Listen to this story
Of late, we have seen AI agents like CICERO and DeepNash take on games like Diplomacy and Stratego, respectively. Why did big tech companies like Meta and DeepMind pick these old strategy games to test their AI chops?
There are multiple reasons why researchers use games to train AI. Games are usually built on a rule-based methodology, which is fairly easier to code for. However, the secret sauce lies in the open-ended nature of games. The very same thing that drives people to play games and create their own experiences is what makes them the best place to train AI algorithms.
Researchers aim to create a model using the rules of the game, and then proceed to let it learn how to solve various problems in a real game. This not only improves the agent, but also offers more information for it to further improve in its tasks. For instance, if the model is trained using reinforcement learning, it can also improve itself based on the tasks it undertakes in the game.
All these reasons and more make video games the perfect training gauntlet for games. However, this method also has its own downsides.
Generating training data
First and foremost, collecting data and making a dataset free of bias is one of the most overlooked parts of creating a new AI model. However, many models today still function with bias due to certain inferences being drawn from the dataset. AI trained in a simulated environment, like a game, is less prone to such problems.
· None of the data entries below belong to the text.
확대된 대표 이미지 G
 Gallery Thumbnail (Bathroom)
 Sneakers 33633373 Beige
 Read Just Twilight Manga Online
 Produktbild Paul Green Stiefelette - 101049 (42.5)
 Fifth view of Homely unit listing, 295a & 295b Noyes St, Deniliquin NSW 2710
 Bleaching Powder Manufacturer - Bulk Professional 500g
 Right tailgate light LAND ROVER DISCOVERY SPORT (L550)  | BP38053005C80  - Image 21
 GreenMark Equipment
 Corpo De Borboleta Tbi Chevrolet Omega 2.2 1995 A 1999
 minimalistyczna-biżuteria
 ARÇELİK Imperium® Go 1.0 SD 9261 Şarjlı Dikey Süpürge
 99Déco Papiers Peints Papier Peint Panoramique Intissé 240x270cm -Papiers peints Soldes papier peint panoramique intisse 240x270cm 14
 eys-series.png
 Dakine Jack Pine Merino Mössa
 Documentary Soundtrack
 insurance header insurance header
The process of data collection can be skipped completely when training an agent in a simulated environment. We only need to take a look at DeepMind’s approach to training its algorithms, where the neural networks are put through hundreds of hours worth of simulation to train against themselves. In a process known as multi-agent reinforcement learning, AlphaStar was able to surpass 99.8% of human players in the game Starcraft II. These strategic problem-solving algorithms can process decisions and derive insights from real-world military standoffs, helping humans make important decisions.
This approach of letting the algorithm play the game by itself was able to save the researchers the hard work of collecting data on how the game is actually played in the real world. Extending this approach to more realistic games, like Grand Theft Auto V, researchers can collect data on how roads look, how vehicles might function, and the decisions that an AI agent will make in a similar real-world situation. This can be used as a dataset for an agent in-charge of managing a self-driving car, reducing the need to collect high-quality data from real roads and traffic.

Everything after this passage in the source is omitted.